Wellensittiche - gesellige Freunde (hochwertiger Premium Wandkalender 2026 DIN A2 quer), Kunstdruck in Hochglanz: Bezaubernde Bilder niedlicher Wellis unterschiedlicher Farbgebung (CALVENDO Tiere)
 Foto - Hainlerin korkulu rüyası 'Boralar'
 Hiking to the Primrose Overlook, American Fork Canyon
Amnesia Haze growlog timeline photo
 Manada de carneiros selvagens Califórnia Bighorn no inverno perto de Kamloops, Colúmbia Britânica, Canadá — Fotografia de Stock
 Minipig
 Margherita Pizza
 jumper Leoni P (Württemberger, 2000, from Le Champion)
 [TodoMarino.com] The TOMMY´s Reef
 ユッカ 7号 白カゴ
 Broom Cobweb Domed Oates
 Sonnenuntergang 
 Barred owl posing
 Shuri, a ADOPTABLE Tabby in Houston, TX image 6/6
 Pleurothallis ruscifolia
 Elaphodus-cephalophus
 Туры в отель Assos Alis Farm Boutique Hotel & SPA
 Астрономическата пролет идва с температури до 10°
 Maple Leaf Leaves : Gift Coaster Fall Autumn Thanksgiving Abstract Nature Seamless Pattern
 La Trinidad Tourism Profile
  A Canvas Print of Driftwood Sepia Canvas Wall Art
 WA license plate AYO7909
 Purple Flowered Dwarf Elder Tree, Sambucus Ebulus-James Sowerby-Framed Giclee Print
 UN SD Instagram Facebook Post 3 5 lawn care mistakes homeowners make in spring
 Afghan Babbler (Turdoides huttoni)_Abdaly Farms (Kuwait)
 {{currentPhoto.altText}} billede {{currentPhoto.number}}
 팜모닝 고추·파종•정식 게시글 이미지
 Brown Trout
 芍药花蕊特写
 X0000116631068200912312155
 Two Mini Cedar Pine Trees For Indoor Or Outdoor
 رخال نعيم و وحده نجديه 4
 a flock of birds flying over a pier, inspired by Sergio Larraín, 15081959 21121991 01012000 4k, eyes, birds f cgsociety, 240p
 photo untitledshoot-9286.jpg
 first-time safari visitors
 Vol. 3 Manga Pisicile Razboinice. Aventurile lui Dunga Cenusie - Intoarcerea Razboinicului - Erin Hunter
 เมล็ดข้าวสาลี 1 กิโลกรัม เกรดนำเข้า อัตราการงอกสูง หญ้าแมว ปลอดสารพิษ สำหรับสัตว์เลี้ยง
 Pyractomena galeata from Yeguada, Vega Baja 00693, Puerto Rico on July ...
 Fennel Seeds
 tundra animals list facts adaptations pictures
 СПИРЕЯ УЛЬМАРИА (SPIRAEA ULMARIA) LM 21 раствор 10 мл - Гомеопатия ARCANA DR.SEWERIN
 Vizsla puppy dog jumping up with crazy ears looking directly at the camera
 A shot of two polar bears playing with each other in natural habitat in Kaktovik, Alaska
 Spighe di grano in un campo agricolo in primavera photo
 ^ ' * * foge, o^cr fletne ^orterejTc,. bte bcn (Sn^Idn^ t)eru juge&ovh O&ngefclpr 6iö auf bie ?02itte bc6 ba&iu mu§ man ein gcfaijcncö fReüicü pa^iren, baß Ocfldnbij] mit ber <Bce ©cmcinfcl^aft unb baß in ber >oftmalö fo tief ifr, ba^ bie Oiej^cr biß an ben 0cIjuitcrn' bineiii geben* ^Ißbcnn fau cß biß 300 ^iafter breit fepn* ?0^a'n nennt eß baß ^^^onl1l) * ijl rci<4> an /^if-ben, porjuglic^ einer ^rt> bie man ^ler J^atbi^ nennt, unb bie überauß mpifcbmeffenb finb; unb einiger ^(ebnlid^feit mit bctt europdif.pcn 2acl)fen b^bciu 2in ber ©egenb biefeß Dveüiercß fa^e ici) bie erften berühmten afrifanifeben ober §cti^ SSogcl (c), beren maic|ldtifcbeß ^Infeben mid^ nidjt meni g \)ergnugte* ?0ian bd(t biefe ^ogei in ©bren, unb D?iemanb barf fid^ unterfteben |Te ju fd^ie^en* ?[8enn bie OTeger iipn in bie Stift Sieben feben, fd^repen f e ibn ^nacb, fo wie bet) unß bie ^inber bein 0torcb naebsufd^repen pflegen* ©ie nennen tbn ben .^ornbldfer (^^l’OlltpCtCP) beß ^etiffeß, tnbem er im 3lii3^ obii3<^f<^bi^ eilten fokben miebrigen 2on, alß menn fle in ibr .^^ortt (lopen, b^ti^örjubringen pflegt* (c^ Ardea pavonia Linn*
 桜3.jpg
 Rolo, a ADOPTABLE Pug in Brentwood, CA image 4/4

* [PROBLEM DESCRIPTION]: Copy exactly the stretch of data above from the line with "СПИРЕЯ УЛЬМАРИА (SPIRAEA" through the line with "Spighe di grano", and omit all other lines.

* [TASK SOLUTION]:
 СПИРЕЯ УЛЬМАРИА (SPIRAEA ULMARIA) LM 21 раствор 10 мл - Гомеопатия ARCANA DR.SEWERIN
 Vizsla puppy dog jumping up with crazy ears looking directly at the camera
 A shot of two polar bears playing with each other in natural habitat in Kaktovik, Alaska
 Spighe di grano in un campo agricolo in primavera photo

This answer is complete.